Love and Money Part 1: Conundrums
As I have written before, marriage was created as a business transaction to expand influence, solve family conflicts, build empires and amass riches. Long before romantic love was a thing (see Joseph Campbell speak to its origins briefly here), marriage existed as more-or-less a political institution that mediated the merging of estates and granted permission for the creation of an additional resource, children. In fact, the word we use, ‘money,’ can be etymologically traced to Juno, the wife of Zeus. This speaks to the socio-politically lopsided and strangely interdependent nature of love and money. Juno, the wife is money (i.e. a material object, property, coin for trade or use). This article drops some interesting facts about the history of marriage and our long path to greater equality within that institution. Though I am grateful for the information it presents so concisely, I am not sure I believe we are way past inequality and gender roles as the author seems to suggest.

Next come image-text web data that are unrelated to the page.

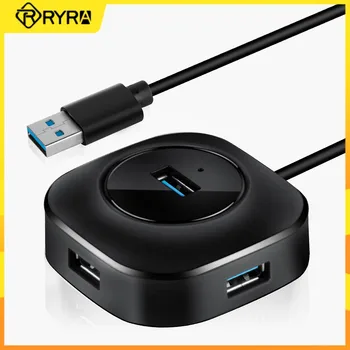 RYRA USB Hub USB 2.0 Type C 4-портовый мультиразветвительный адаптер OTG Для Xiaomi Lenovo Macbook PC Компьютерные Аксессуары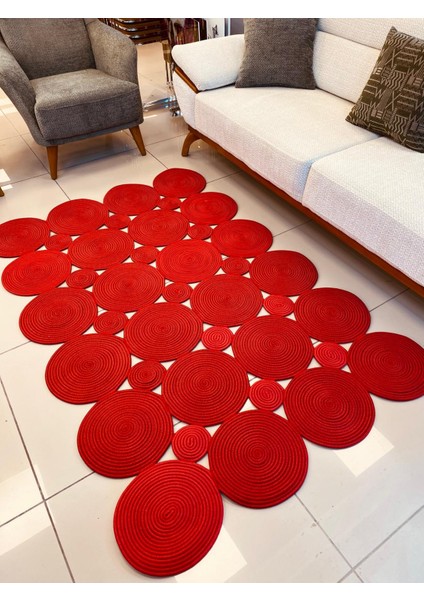 Jüt Hasır Görünümlü Desenli Modern El Örgüsü Dikdörtgen Halı Kilim modelleri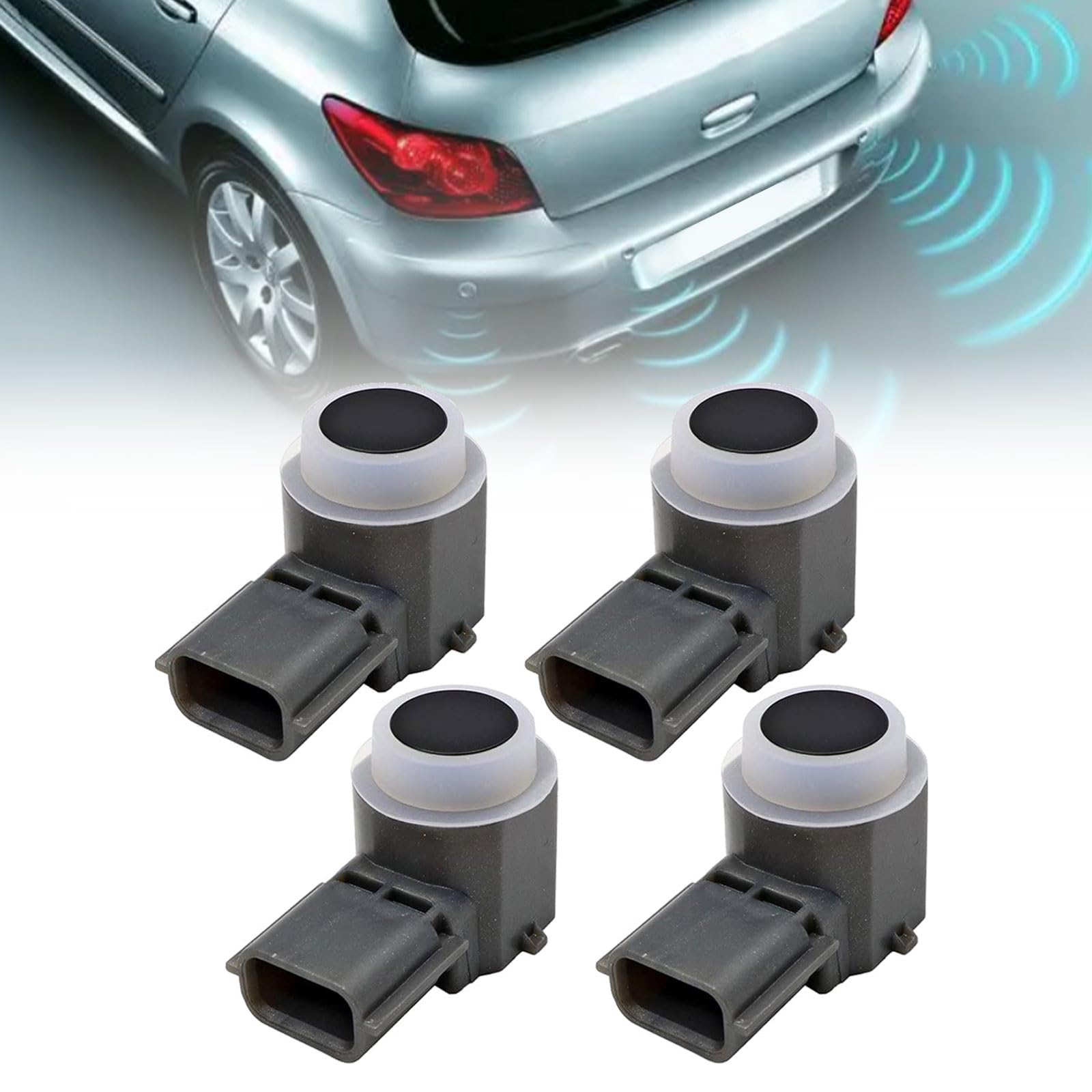 4-Piece Parking Sensor Set For Infiniti Q50 Q60 QX60 - Front/Rear Bumper Replacement Sensors 2014-2016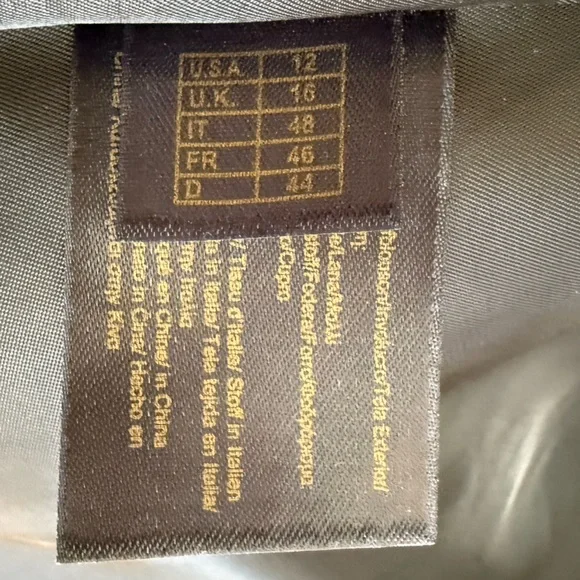 BROOKS BROTHERS Loro Piana Preppy Business Casual Classic Belted Midi Dress 12 - Picture 11 of 11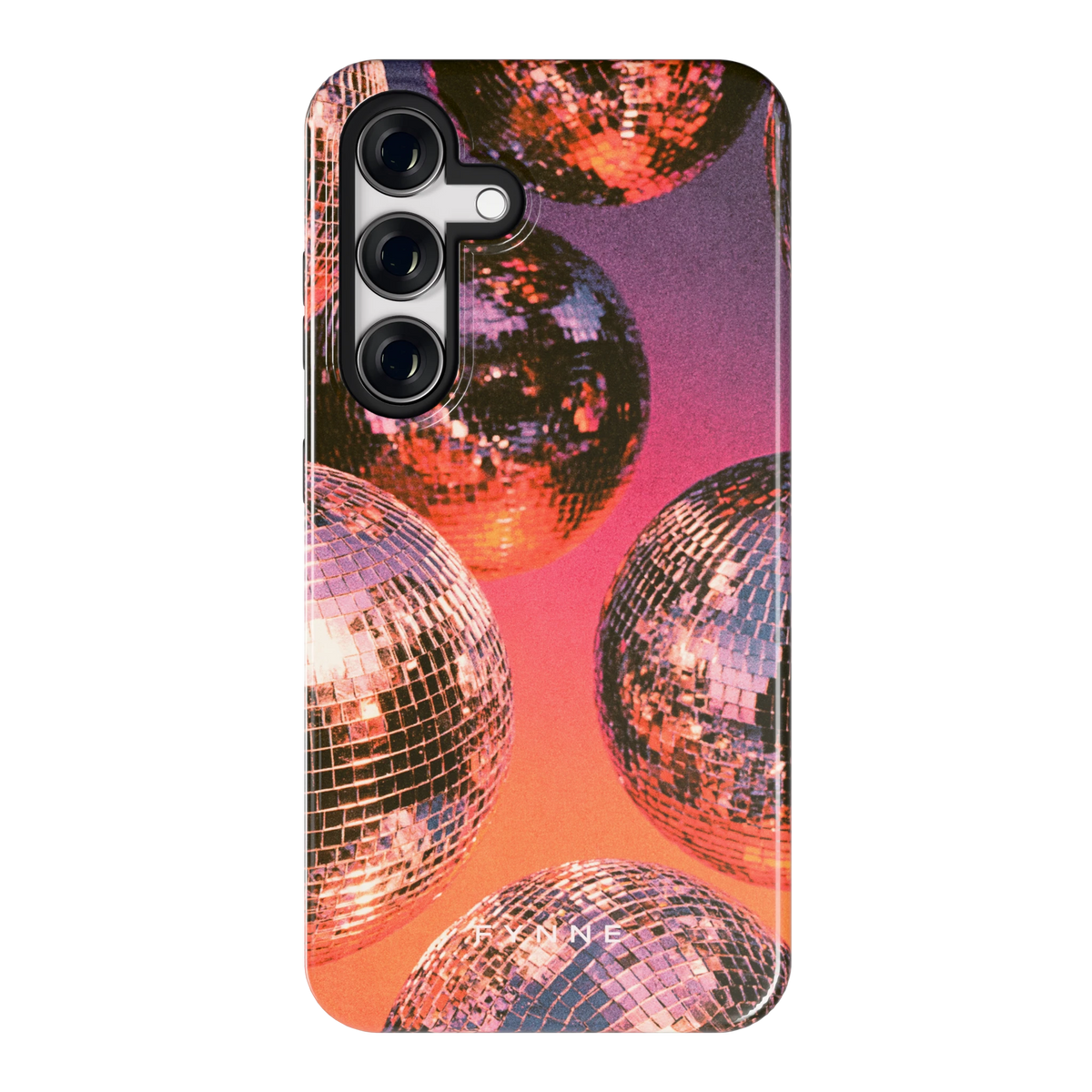 Discoballen Gloed hoesje voor Galaxy S24, achterkant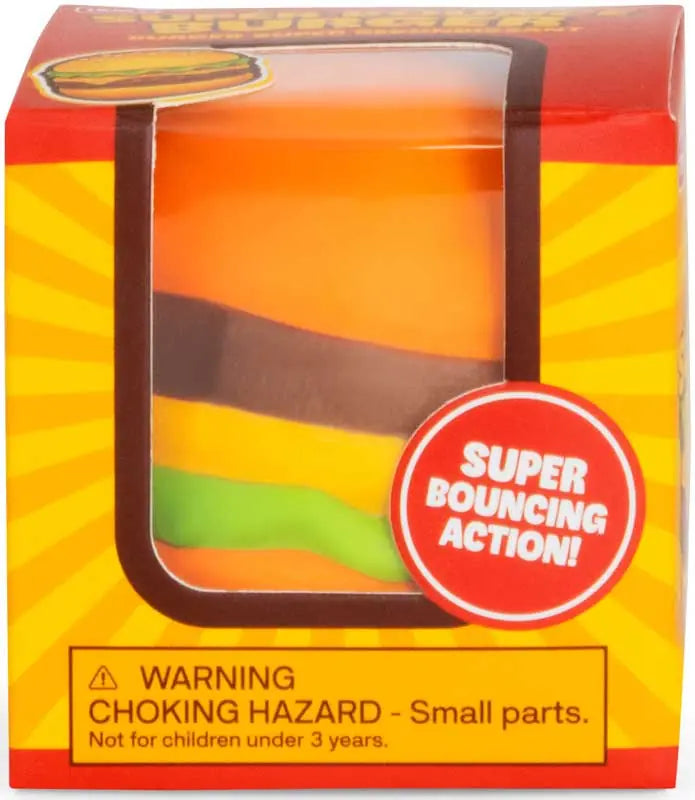 Keycraft Super Bounce Burger – Burger-Shaped Bouncy Toy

Regardless of whatever degree of equality we have achieved, I still notice a great deal of sensitivity in female (cis and trans) friends and clients when they feel they are being regarded as property or ‘sex objects.’ There is a corresponding sensitivity in men (yep, cis and trans) if they feel they are being used for their money and not valued for their authentic selves. So, I have started with this context to acknowledge that the history of love and money comes with quite a lot of baggage. Again, though I have spoken here of men and women, these same dynamics can show up in queer relationships, especially those entrenched in enacting gender roles or working with dynamics that have historically been gendered, such as breadwinner, or home-maker.
In this blog I will explore some of the common love and money troubles and tangles in relationships. In the next blog I will suggest specific communication strategies for money talks (here’s a refresher on some good communication basics). Finally, in a third blog I will approach topics around meaningfully sorting out money matters in break-ups and divorces. The history of women having been property and men having been a meal ticket figures saliently into almost all intersections of love and money, so I will try not to refer to it too often, as long as you can promise to keep it in mind and not underestimatehistory’s influence on your current situation. The intergenerational transmission of memories is such a thoroughly researched thing at this point, I found too many articles to know what to tag here. If you are curious just do a search. Suffice it to say, we all have ties to the past that live in us still and seek healing.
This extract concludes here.